What is a Protection Order?
A Protection Order may be granted pursuant to The Domestic Violence and Stalking Act, provincial legislation that provides remedies to the successful applicant in cases of stalking and domestic violence.
Applicants may seek a Protection Order against another person who is his or her spouse/common-law partner, family member (whether or not they have lived together), who is in a dating relationship with the applicant, or against the other biological/adoptive parent of his or her child. Someone who has been the subject of stalking can also apply for a Protection Order under the Act, regardless of the type of relationship he/she had with the person against whom an Order is sought.
Adults can also apply for a Protection Order on behalf of a minor.
Grounds for Obtaining a Protection Order
Someone applying for a Protection Order can do so on a relatively quick basis, without need for a lawyer and without notice to the responding party, by providing sufficient evidence under oath to a designated justice of the peace (JP).
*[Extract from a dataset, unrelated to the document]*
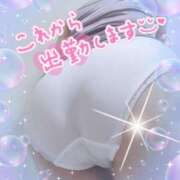 ヒメ日記 2025/04/24 08:02 投稿 みみこ 熟女の風俗最終章 池袋店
When the responding party is served with the Protection Order, it will already be in effect.
A Protection Order may be granted by a JP without notice to the responding party where it is determined that: (1) the respondent is committing or has committed domestic violence against the subject, or is stalking or has stalked the subject; (2) the subject believes that the respondent will continue or resume the domestic violence or stalking; (3) the subject requires protection because there is a reasonable likelihood that the respondent will continue or resume the domestic violence or stalking; and (4) due to the seriousness or urgency of the circumstances, the protection order should be made without delay.
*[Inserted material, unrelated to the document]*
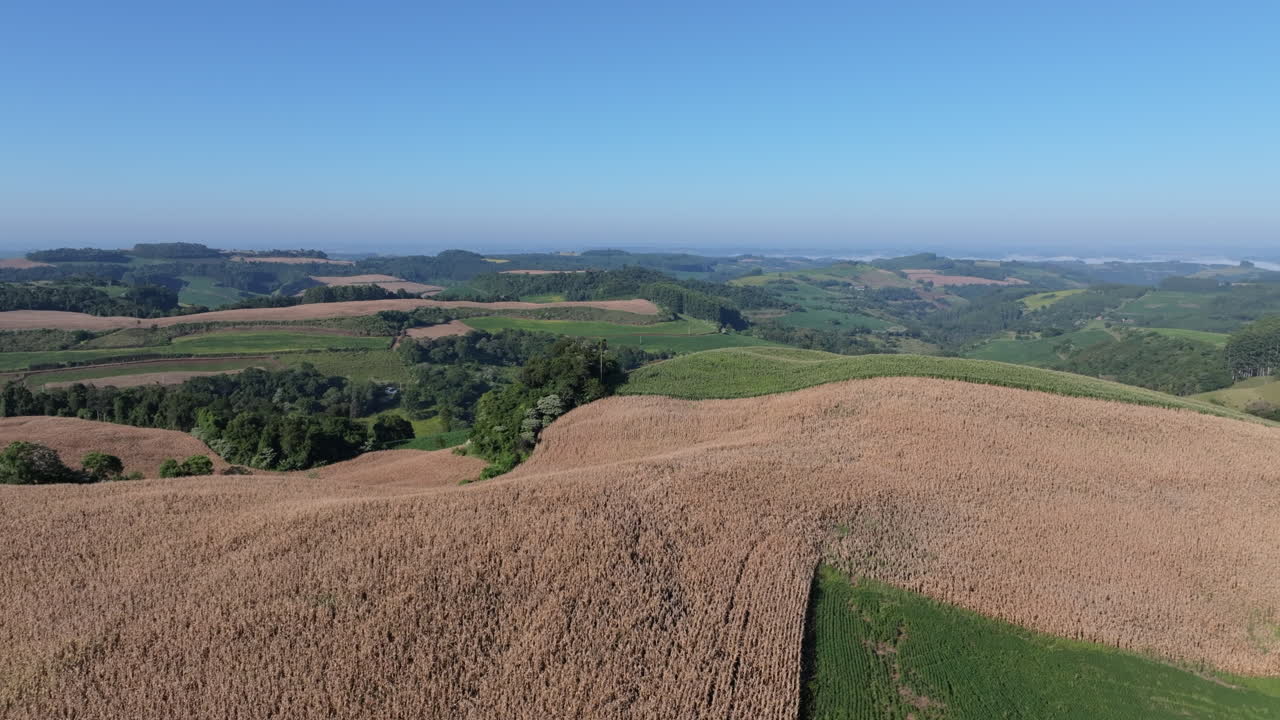 Cornfield aerial ascent revealing soybean fields, native forest and rolling farmland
The Act defines the Domestic Violence as including the following acts and omissions:
- (a) an intentional, reckless or threatened act or omission that causes bodily harm or property damage;
- (b) an intentional, reckless or threatened act or omission that causes a reasonable fear of bodily harm or property damage;
- (c) conduct that reasonably, in all the circumstances, constitutes psychological or emotional abuse;
- (d) forced confinement;
- (e) sexual abuse.
The Act defines Stalking as occurring “when a person, without lawful excuse or authority and knowing that another person is harassed or recklessly as to whether the other person is harassed, repeatedly engages in conduct that causes the other person reasonably, in all the circumstances, to fear for his or her own safety.”
Common Elements of a Protection Order
Protection Orders can include a number of restrictions and conditions, such as a prohibition against attending at the applicant’s place of residence, school or work, a prohibition against direct and indirect forms of communication, a requirement for the responding party to turn over weapons, and more.
Protection Orders are typically effective for a 3-year period, but a designated justice of the peace may grant an Order for a longer time period if it is deemed necessary.
What Should you do if you have been Served with a Protection Order
Although these Orders are granted “without notice” to the responding party, meaning that the designated justice of the peace has only heard evidence from the applicant, they can be varied or set aside on an application to a court. A judge has jurisdiction to vary the terms of the Protection Order or to set it aside in its entirety. The Respondent must establish on the balance of probabilities that the Protection Order should be set aside or varied in order to be successful.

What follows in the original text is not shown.